# [Work task]
Print the whole listing again exactly, keeping no pictures in it.

#### Source records

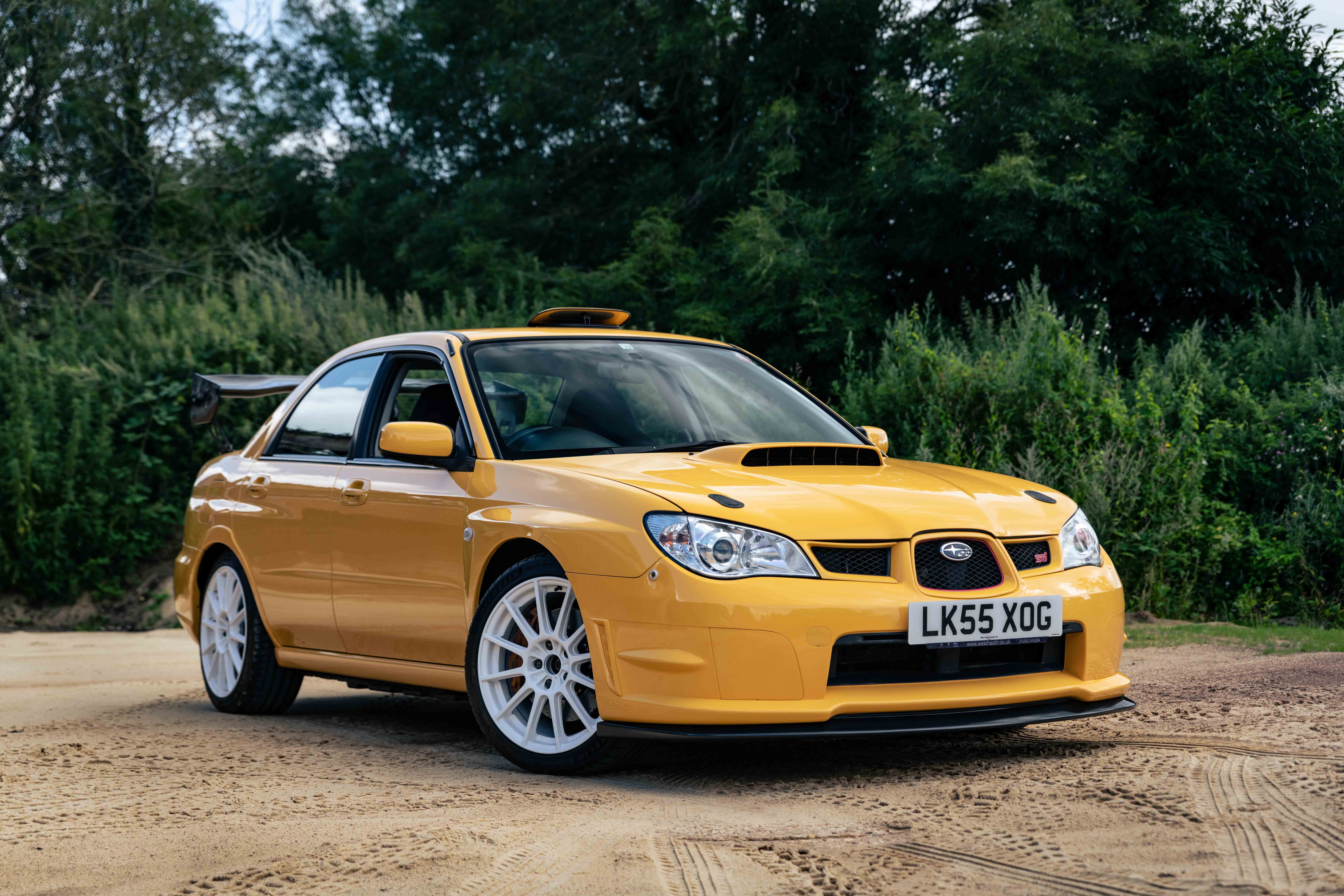 2006 SUBARU IMPREZA WRX STI SPEC-C TYPE RA-R for sale by auction in ...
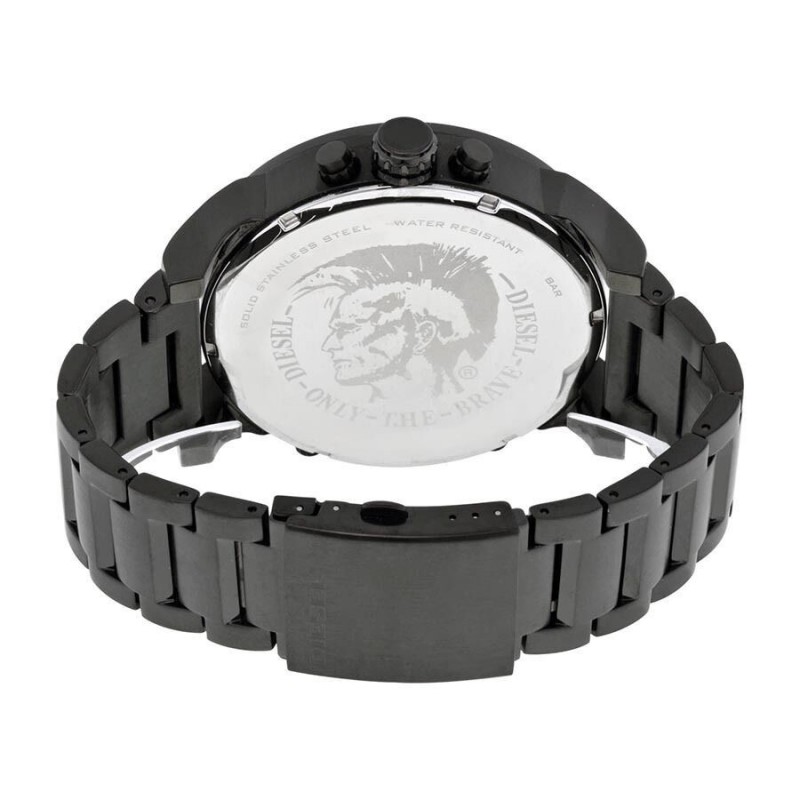 Diesel Men's Mr Daddy 2.0 Stainless Steel Chronograph Quartz Watch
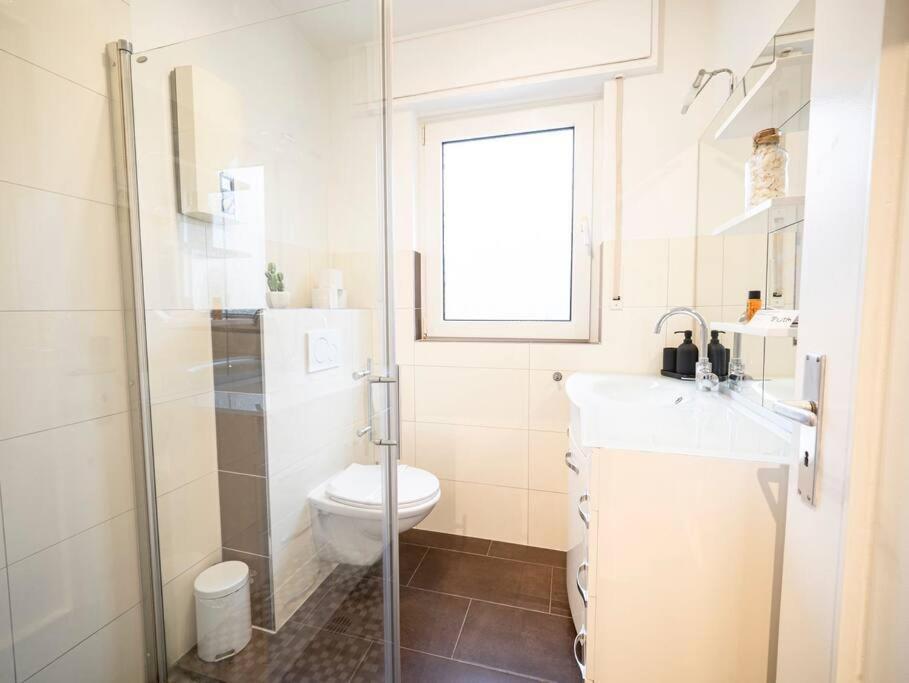 Modernes Apartment Auf 2 Etagen In Ruhiger Lage Zentral Zu Stadion Und Westfalenhallen ดอร์ทมุนด์ ภายนอก รูปภาพ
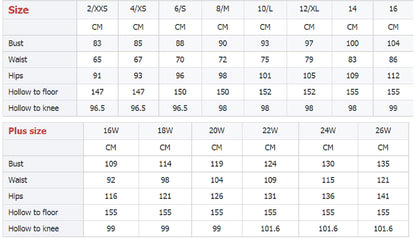 Long Luxury Princess Plus Size Cocktail Dress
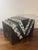 A striking vintage postmodern decorative box showcasing the luxurious craftsmanship associated with late 20th century...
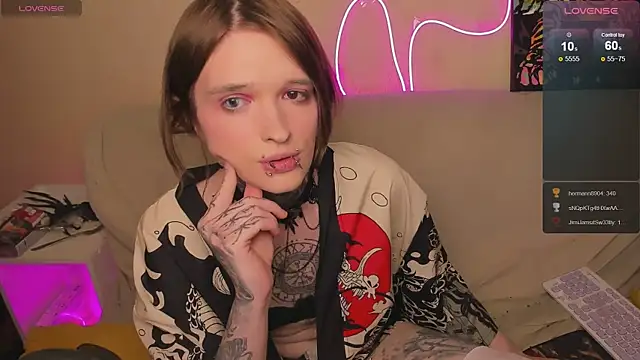 Simona Rain online show from 3, 4, 2026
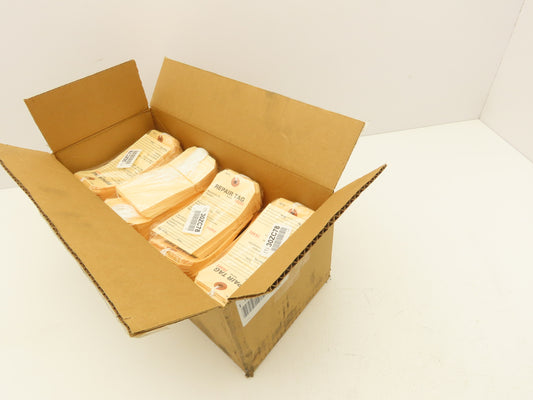 Badger 30ZC78 Repair Order Tag Numbered 2-2/8" Wide x 5-3/4" Long - Lot of 1000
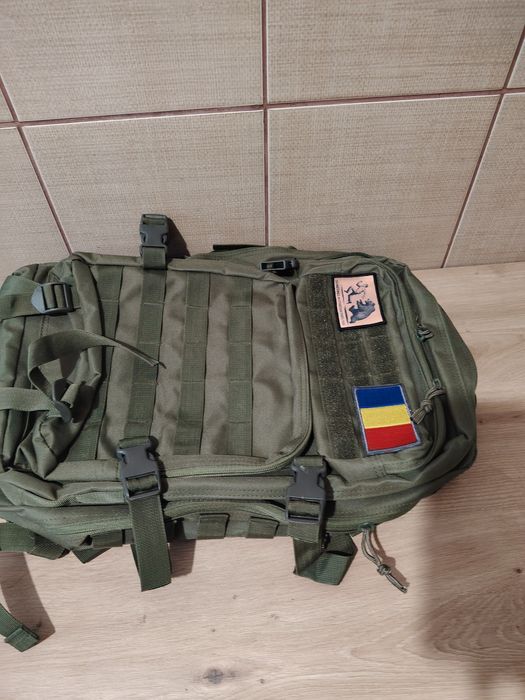Rucsac tactic pescuit/vânătoare/drumeții!
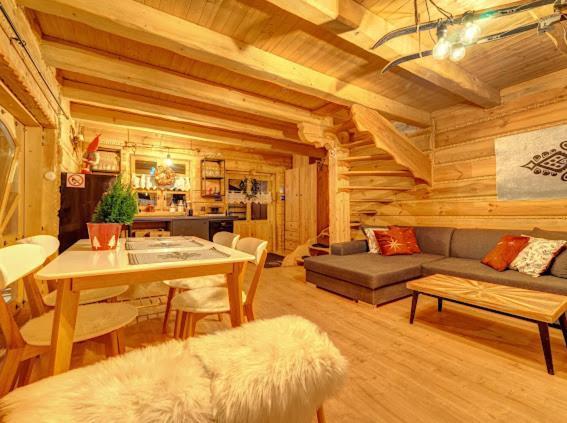 Chata Pod Nosalem - Domek Z Jacuzzi Z Bala W Zakopanym Zakopane Exteriér fotografie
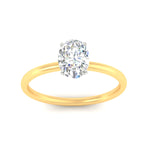Load image into Gallery viewer, oval-shaped-two-tone-1.5-mm-comfort-fit-solitaire-ring-in-yellow-gold-fdens11590ovrangle5-1.50mm-nl-yg?v=1758104163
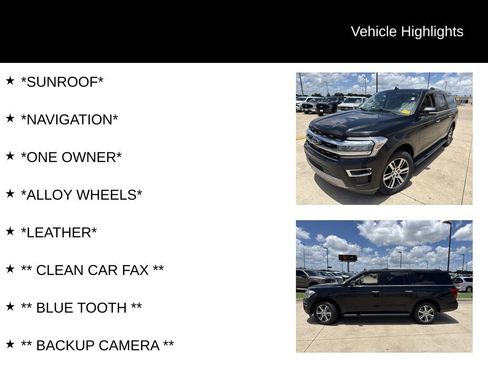 Used 2024 Ford Expedition Max Limited RWD image 4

########

# [Solution for this exercise]
 2006 SUBARU IMPREZA WRX STI SPEC-C TYPE RA-R for sale by auction in ...
 Diesel Men's Mr Daddy 2.0 Stainless Steel Chronograph Quartz Watch
 Modernes Apartment Auf 2 Etagen In Ruhiger Lage Zentral Zu Stadion Und Westfalenhallen ดอร์ทมุนด์ ภายนอก รูปภาพ
 Long Luxury Princess Plus Size Cocktail Dress
 A striking vintage postmodern decorative box showcasing the luxurious craftsmanship associated with late 20th century...
 Simona Rain online show from 3, 4, 2026
 Badger 30ZC78 Repair Order Tag Numbered 2-2/8" Wide x 5-3/4" Long - Lot of 1000
Rucsac tactic pescuit/vânătoare/drumeții!
 Chata Pod Nosalem - Domek Z Jacuzzi Z Bala W Zakopanym Zakopane Exteriér fotografie
Load image into Gallery viewer, oval-shaped-two-tone-1.5-mm-comfort-fit-solitaire-ring-in-yellow-gold-fdens11590ovrangle5-1.50mm-nl-yg?v=1758104163
 Used 2024 Ford Expedition Max Limited RWD image 4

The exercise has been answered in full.